Recorded data Block Start

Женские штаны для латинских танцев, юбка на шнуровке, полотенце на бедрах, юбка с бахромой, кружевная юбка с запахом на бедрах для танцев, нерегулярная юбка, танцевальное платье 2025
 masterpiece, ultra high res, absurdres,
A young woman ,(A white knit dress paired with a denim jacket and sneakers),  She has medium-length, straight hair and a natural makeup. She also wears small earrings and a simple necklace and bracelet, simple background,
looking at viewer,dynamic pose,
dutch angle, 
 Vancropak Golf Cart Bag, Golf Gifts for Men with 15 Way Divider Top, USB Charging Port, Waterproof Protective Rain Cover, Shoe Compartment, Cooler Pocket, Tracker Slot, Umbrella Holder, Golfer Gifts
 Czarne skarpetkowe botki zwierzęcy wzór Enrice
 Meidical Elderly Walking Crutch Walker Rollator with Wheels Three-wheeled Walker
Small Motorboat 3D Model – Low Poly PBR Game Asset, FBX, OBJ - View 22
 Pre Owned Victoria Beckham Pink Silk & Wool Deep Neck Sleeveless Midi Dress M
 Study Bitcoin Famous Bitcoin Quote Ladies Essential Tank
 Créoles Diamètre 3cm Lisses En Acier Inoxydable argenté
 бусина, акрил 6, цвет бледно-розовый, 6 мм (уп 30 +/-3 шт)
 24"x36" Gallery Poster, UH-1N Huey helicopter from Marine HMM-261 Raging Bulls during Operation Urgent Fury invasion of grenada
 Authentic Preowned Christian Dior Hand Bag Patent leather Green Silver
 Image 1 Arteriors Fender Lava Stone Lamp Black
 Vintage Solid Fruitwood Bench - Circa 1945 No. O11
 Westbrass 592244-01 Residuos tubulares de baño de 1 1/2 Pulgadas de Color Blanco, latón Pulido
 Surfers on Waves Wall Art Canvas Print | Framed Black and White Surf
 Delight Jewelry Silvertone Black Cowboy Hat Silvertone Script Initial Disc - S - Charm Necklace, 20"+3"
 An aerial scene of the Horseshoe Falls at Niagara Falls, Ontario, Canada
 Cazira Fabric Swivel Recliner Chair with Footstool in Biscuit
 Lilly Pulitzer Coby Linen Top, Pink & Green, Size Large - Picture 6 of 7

Recorded data Block End

• **What this task involves**: Each line above that contains the word "with" must be copied.

• **Completed task**:
A young woman ,(A white knit dress paired with a denim jacket and sneakers),  She has medium-length, straight hair and a natural makeup. She also wears small earrings and a simple necklace and bracelet, simple background,
 Vancropak Golf Cart Bag, Golf Gifts for Men with 15 Way Divider Top, USB Charging Port, Waterproof Protective Rain Cover, Shoe Compartment, Cooler Pocket, Tracker Slot, Umbrella Holder, Golfer Gifts
 Meidical Elderly Walking Crutch Walker Rollator with Wheels Three-wheeled Walker
 Cazira Fabric Swivel Recliner Chair with Footstool in Biscuit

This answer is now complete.